======== Recorded information ========
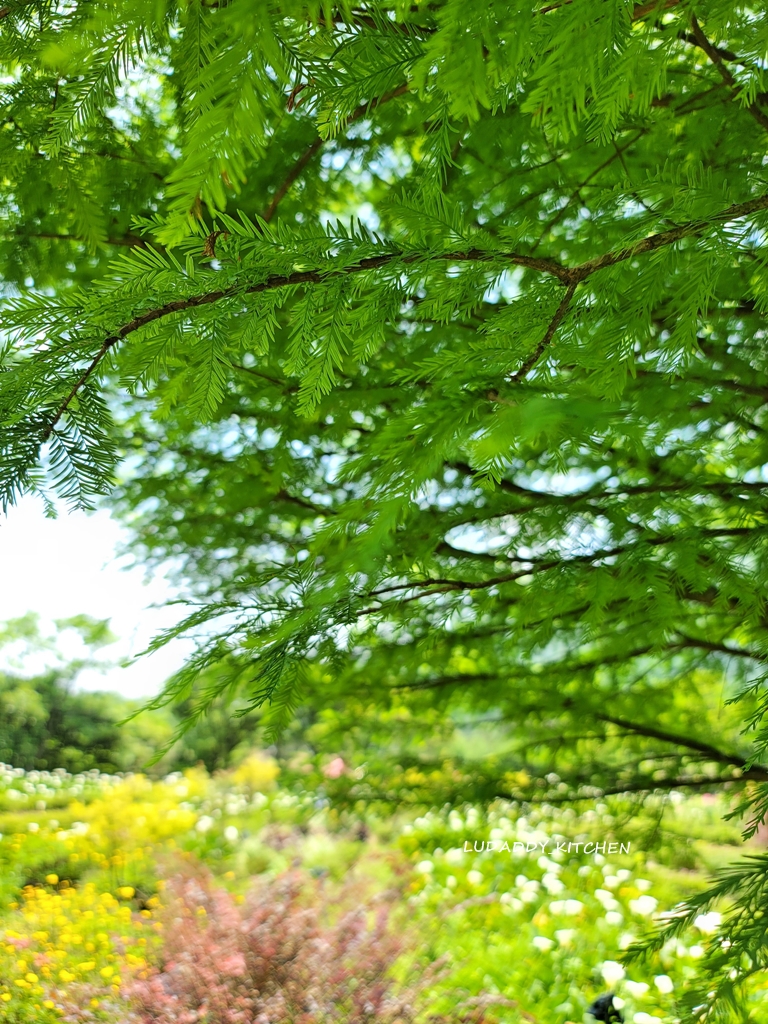 【陽明山美食】海芋繡球花季，竹子湖苗榜餐廳賞花吃美食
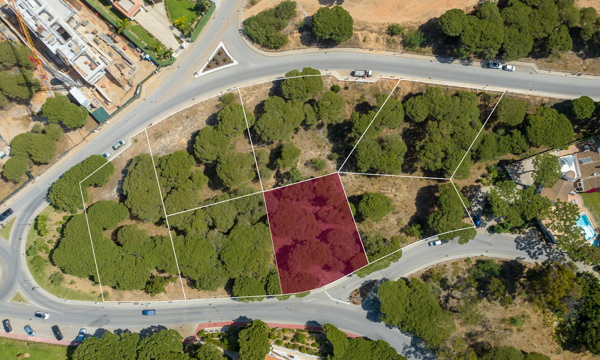 Plot Maples WP (9 De 16) Copiar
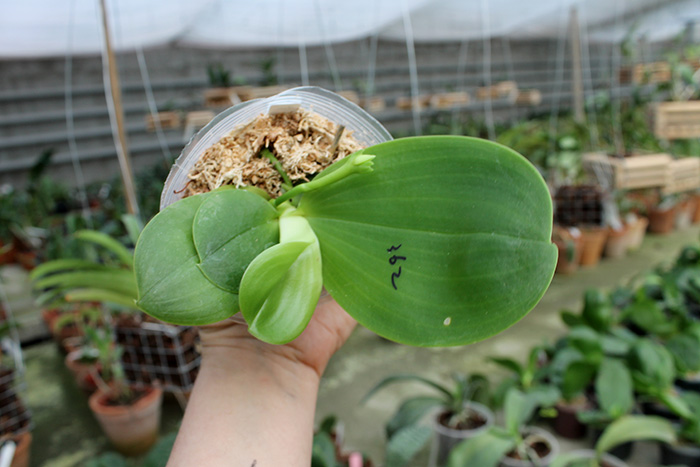 Phalaenopsis Mituo Sun King x Samera.jpg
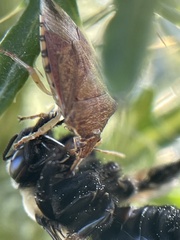 Podisus maculiventris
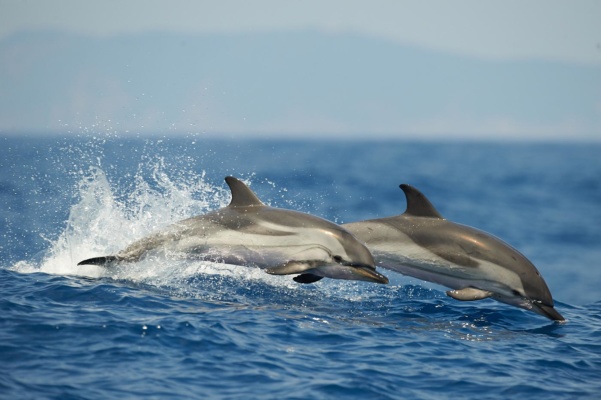 Deux dauphins bleu et blanc sautant de profil, méditerranée France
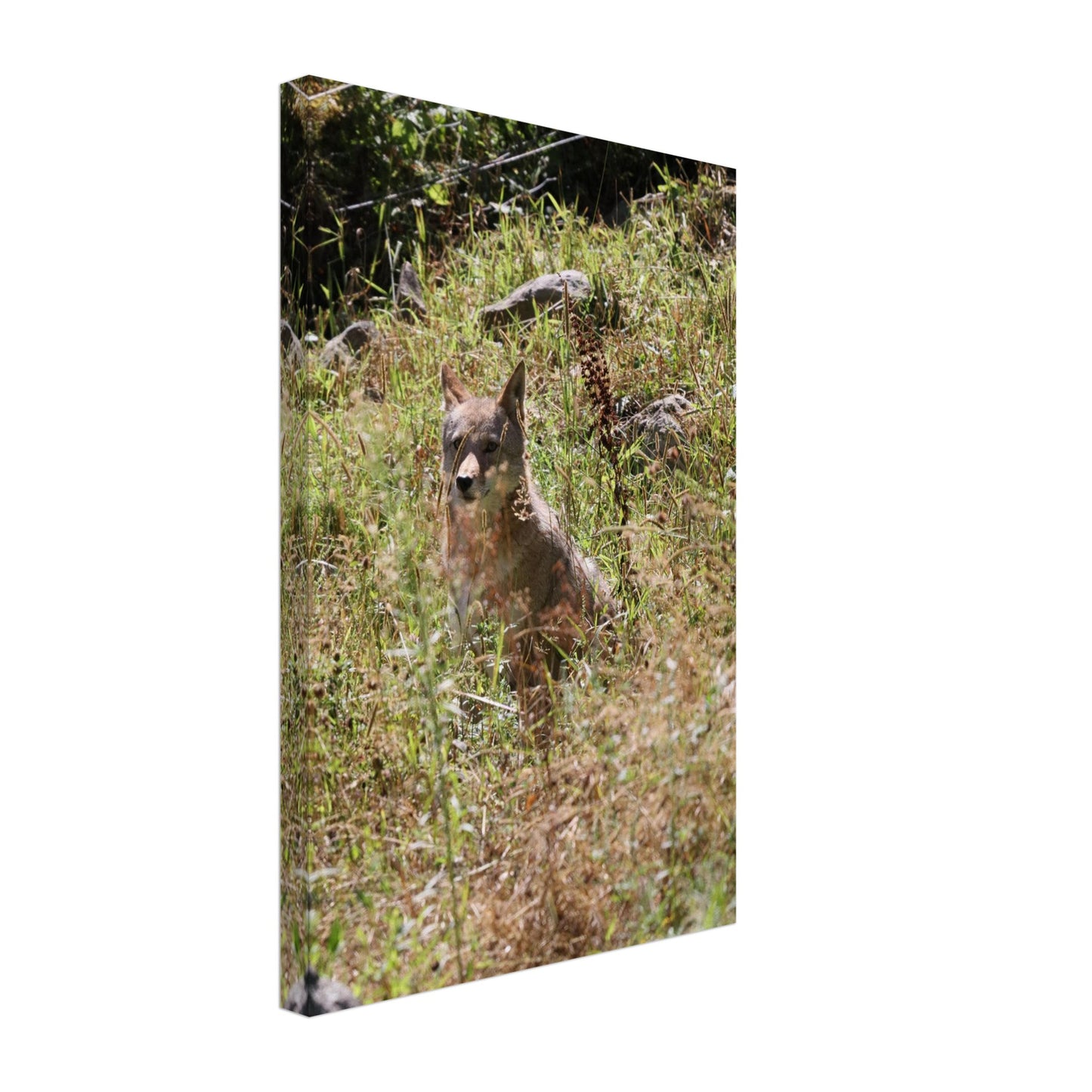 90898aac-3554-47ee-9e3e-004e51d7aa18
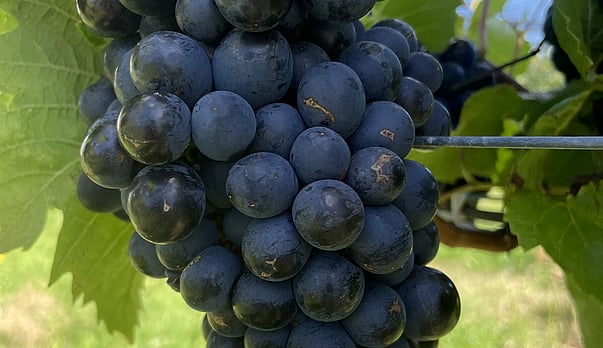 Wine of the week - Affordable Ballasalla Pinot Noir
========
Please reproduce the records above exactly and leave any picture behind.

 【陽明山美食】海芋繡球花季，竹子湖苗榜餐廳賞花吃美食
 Plot Maples WP (9 De 16) Copiar
 Phalaenopsis Mituo Sun King x Samera.jpg
 Podisus maculiventris
 Deux dauphins bleu et blanc sautant de profil, méditerranée France
 90898aac-3554-47ee-9e3e-004e51d7aa18
 Wine of the week - Affordable Ballasalla Pinot Noir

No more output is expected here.